For some 3.6 billion people in the world, a flushing toilet is a pipe dream, which is why simple solutions for sanitation need to be developed and deployed where they are needed most. A healthy environment is a human right, and the United Nations High Commissioner for Human Rights, Michelle Bachelet, recently called on Member States to take bold actions to make that happen.
As we celebrate World Toilet Day, ISO is heralding the widespread national adoption by governments around the world of standards that support revolutionary new solutions for those who don’t have access to clean sanitation.
ISO 30500, Non-sewered sanitation systems – Prefabricated integrated treatment units – General safety and performance requirements for design and testing, made international headlines when it was first published in 2018, gaining the support of national and international organizations around the world. It underpins the development of revolutionary new technologies such as stand-alone sanitation systems that safely treat waste without the need to be connected to a traditional sewerage system.
The standard has been nationally adopted in 28 countries, including more than 20 in Africa, meaning it will support the development of this technology and the implementation of policies that improve sanitation according to their own specific needs. Its use helps to demonstrate to manufacturers, governments, regulators and end users of non-sewered facilities that they are safe, environmentally friendly, reliable and of good quality, thus encouraging further investment in the development of even better toilets.

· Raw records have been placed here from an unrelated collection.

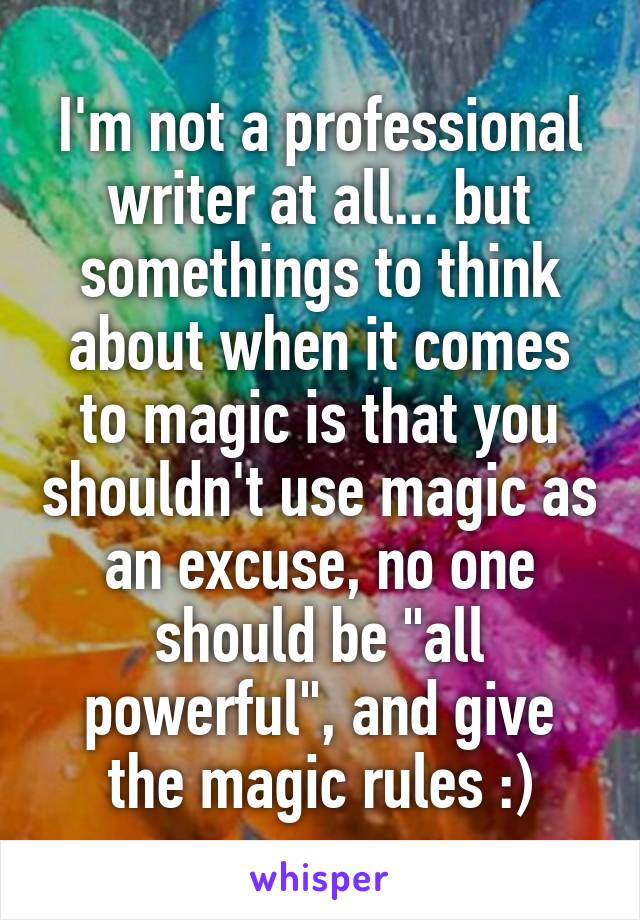 I'm not a professional writer at all... but somethings to think about when it comes to magic is that you shouldn't use magic as an excuse, no one should be "all powerful", and give the magic rules :)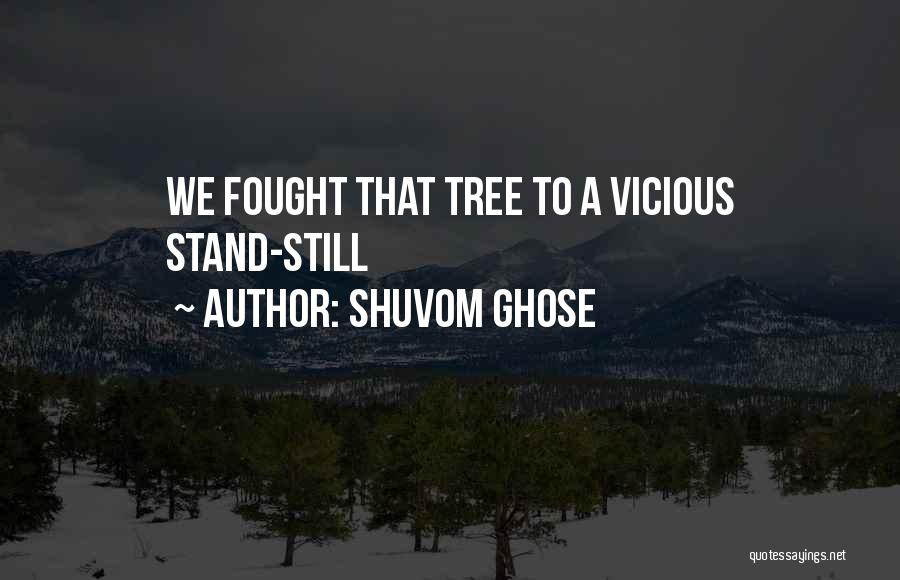 Shuvom Ghose Quotes: We Fought That Tree To A Vicious Stand-still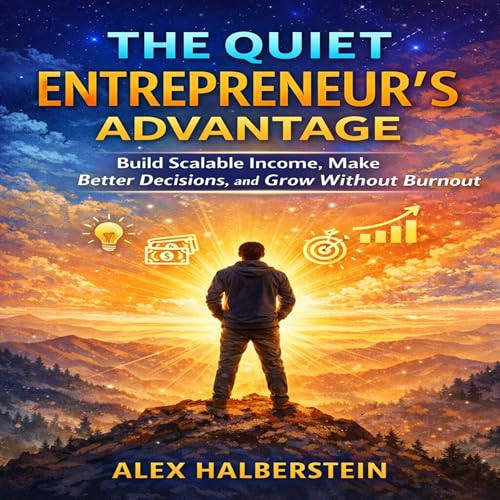 The Quiet Entrepreneur&rsquo;s Advantage cover art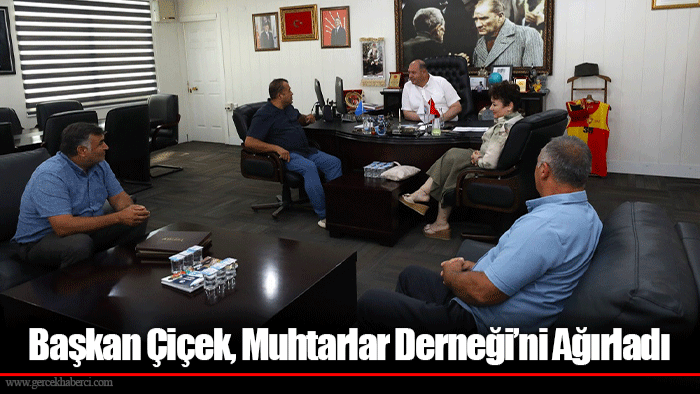 Başkan Çiçek, Muhtarlar Derneği’ni Ağırladı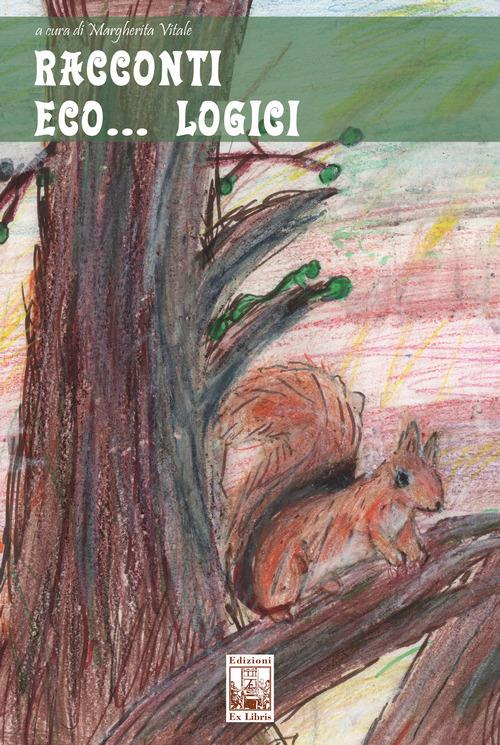 Racconti eco...logici. Ediz. a colori - copertina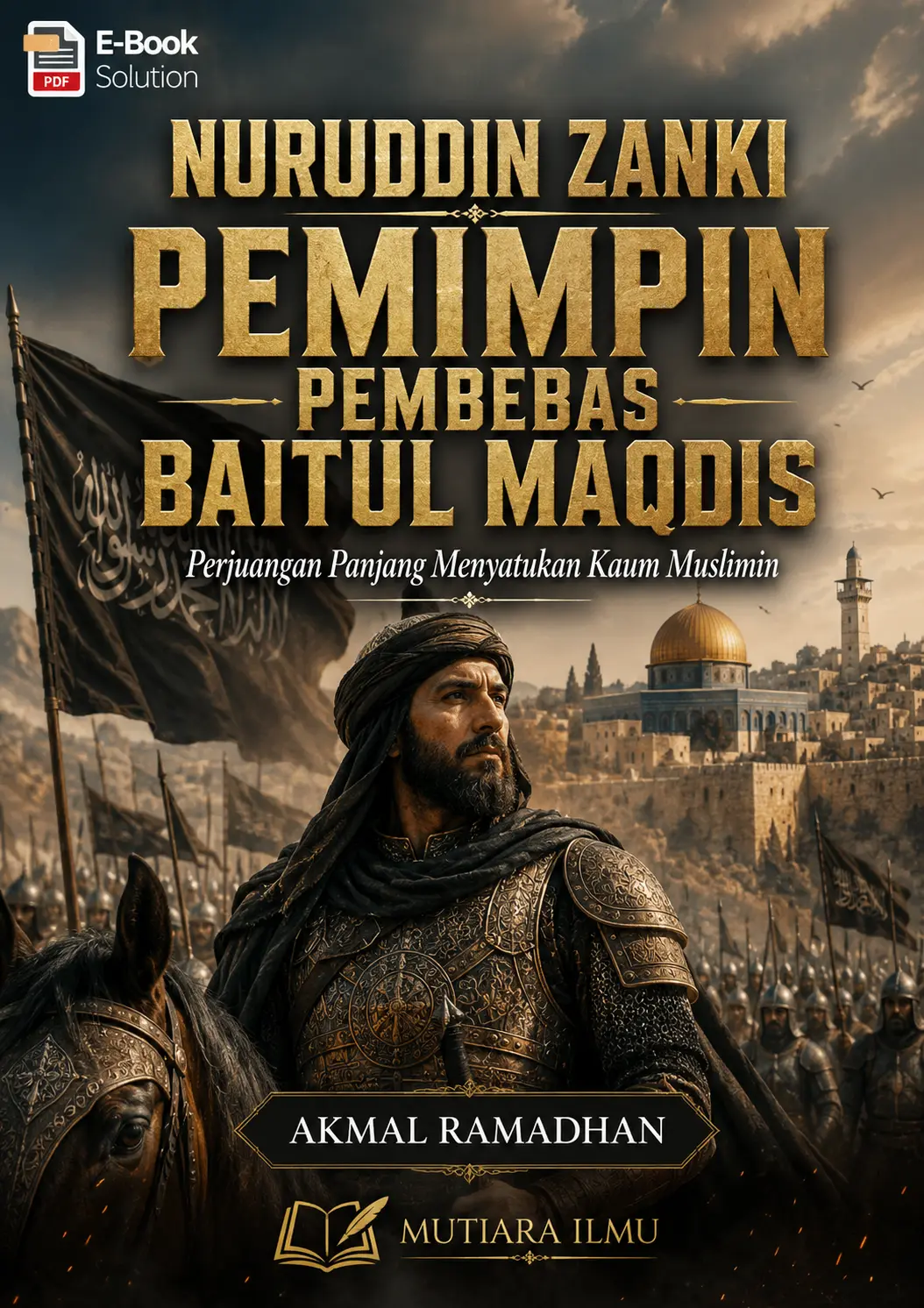 NURUDDIN ZANKI PEMIMPIN PEMBEBAS BAITUL MAQDIS - Perjuangan Panjang Menyatukan Kaum Muslimin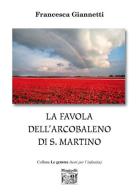 La favola dell'arcobaleno di S. Martino di Francesca Giannetti edito da Montedit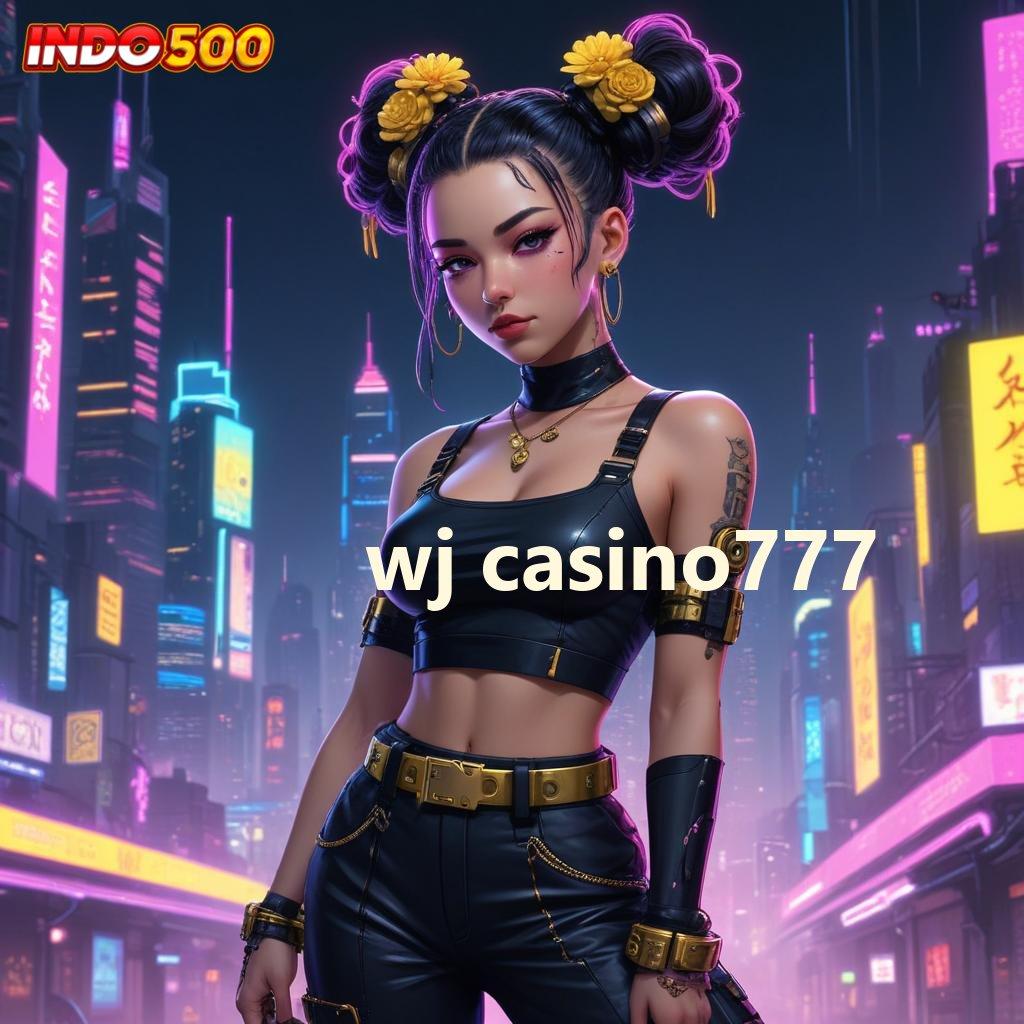 WJ CASINO777 Penghasilan Dijamin Depo Uang Sedikit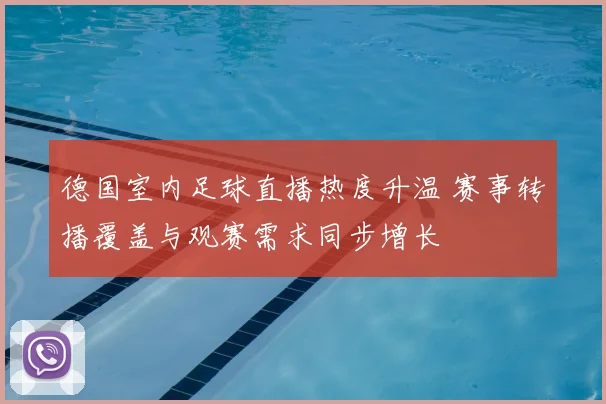 德国室内足球直播热度升温 赛事转播覆盖与观赛需求同步增长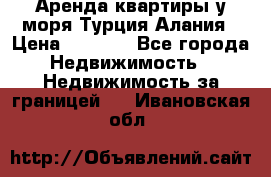 Аренда квартиры у моря Турция Алания › Цена ­ 1 950 - Все города Недвижимость » Недвижимость за границей   . Ивановская обл.
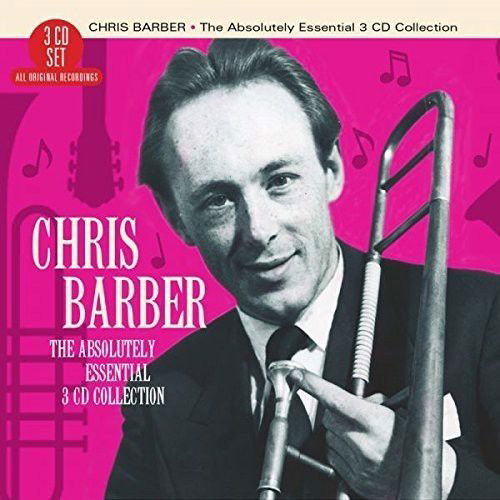 Chris Barber - Absolutely 3CD Collection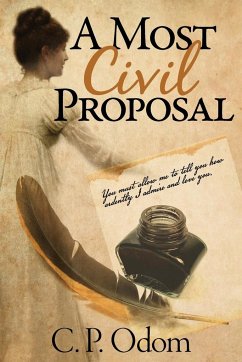 A Most Civil Proposal - Odom, C. P.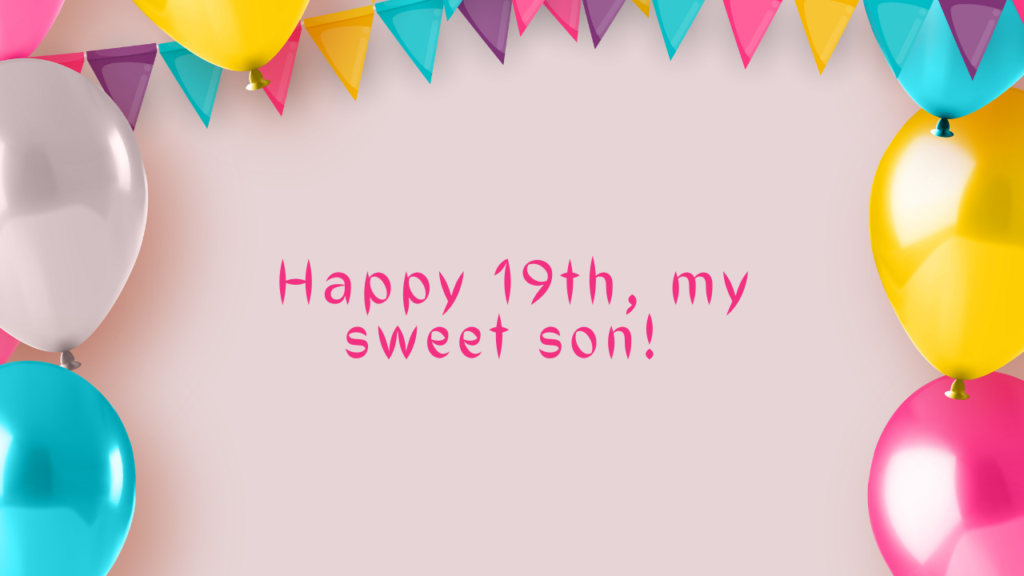 19 Years Old son Birthday Wishes from Mom: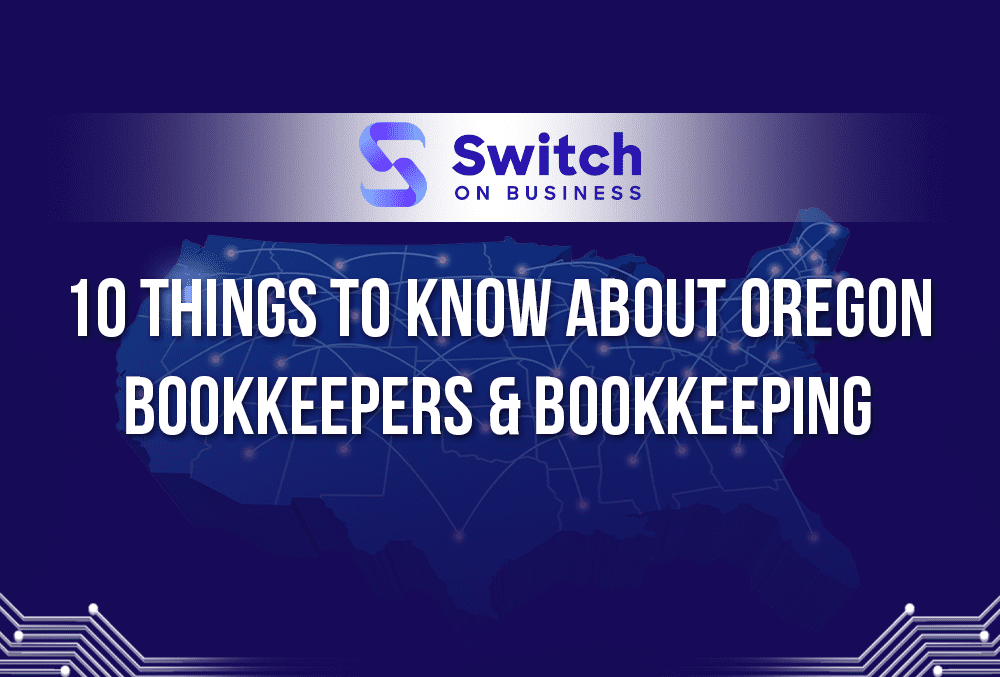 10 Things to Know About Oregon Bookkeepers and Bookkeeping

Another solution for clean sanitation in places that lack traditional water utilities and sewerage systems is the use of on-site domestic wastewater treatment systems. ISO 24521, Activities relating to drinking water and wastewater services – Guidelines for the management of basic on-site domestic wastewater services, offers the practical guidance required for designing and building such facilities as well as training up the people who are destined to use them.
This standard, too, has now been nationally adopted in 26 different countries – including over 20 in Africa – demonstrating its utility and relevance to governments and organizations wishing to address sanitation challenges.